Unwahre Behauptung des Mieters rechtfertigt Kündigung nicht automatisch
Das Landgericht muss in einem erneuten Verfahren entscheiden, ob den vermeintlich wahrheitswidrigen Äußerungen des Mieters ein Gewicht zukomme, das eine Kündigung rechtfertigt.
Urteil vom 25. Oktober 2023 – VIII ZR 147/2
Die Vermieterin hatte dem Mieter wegen einer unerlaubten Hundehaltung gekündigt und verlangte die Räumung der Wohnung. Vor dem Amtsgericht erklärte der Mieter, dass es aus seiner Sicht nicht um die Hundehaltung gehe. Vielmehr solle er aus der Wohnung „herausgemobbt“ werden. Der Verwalter habe ihn zuvor bereits mit ausländerfeindlichen Äußerungen beleidigt. Zugleich gab der Mieter wahrheitswidrig an, ein Gespräch der Vermieterin mit angehört zu haben, aus dem sich Verkaufsabsichten ergeben hätten. Der Kaufinteressent habe gesagt, er würde das Haus nur erwerben, wenn sämtliche Wohnungen frei von Mietverhältnissen seien. Aufgrund dieser Äußerung kündigte die Vermieterin im Räumungsprozess erneut. Das Amtsgericht wies die Klage ab. Vor dem Landgericht hatte die Vermieterin hingegen Erfolg. Jedenfalls sei die Kündigung wegen der unwahren Behauptung über ein Verkaufsgespräch wirksam.

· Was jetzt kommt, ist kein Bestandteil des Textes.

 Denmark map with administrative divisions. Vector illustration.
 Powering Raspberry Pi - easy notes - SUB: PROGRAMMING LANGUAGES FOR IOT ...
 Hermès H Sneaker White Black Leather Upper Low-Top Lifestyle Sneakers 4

Der BGH hob das Urteil auf. Unwahre Behauptungen würden nicht zwangsläufig eine Kündigung rechtfertigen. Ein Vermieter könne kündigen, soweit ein berechtigtes Interesse an der Beendigung des Mietverhältnisses bestünde. Dieses läge vor, wenn die Mieterseite in erheblichem Maß ihre vertraglichen Verpflichtungen verletze. Es sei hierbei eine umfassende Würdigung sämtlicher Umstände erforderlich. Auch sei ein Verhalten des Vermieters zu berücksichtigen, soweit dieses das Verhalten des Mieters provoziert haben könnte. Der Mieter hatte die Befürchtung, durch eine aus seiner Sicht unwirksamen Kündigung wegen der Hundehaltung aus der Wohnung vertrieben zu werden. Deshalb komme der unwahren Aussage eher eine untergeordnete Bedeutung zu. Daher habe das Landgericht in einem erneuten Verfahren zu entscheiden, ob die wahrheitswidrigen Äußerungen ein Gewicht zukomme, dass eine Kündigung gerechtfertigt sei.
Kommentar: Eine typische Einzelfallentscheidung, die wiederum zeigt, dass gerade in einem Räumungsprozess oft eine lange außergerichtliche Auseinandersetzung vorausgegangen ist, sodass auch erkennbare Lügen nicht ohne Weiteres einen Wohnungsverlust nach sich ziehen müssen. Insoweit ist im Verfahren jeweils die Motivationslage konkret zu berücksichtigen. Gleichwohl wird deutlich, dass auch der Mieterseite in vergleichbaren Fällen kein „Freibrief“ erteilt wird, da stets sämtliche Umstände des Einzelfalls zu berücksichtigen sind. Ein zu „forsches” mieterseitiges Auftreten kann daher ebenso als erheblicher Vertragsverstoß gewertet werden und einen Wohnungsverlust zur Folge haben.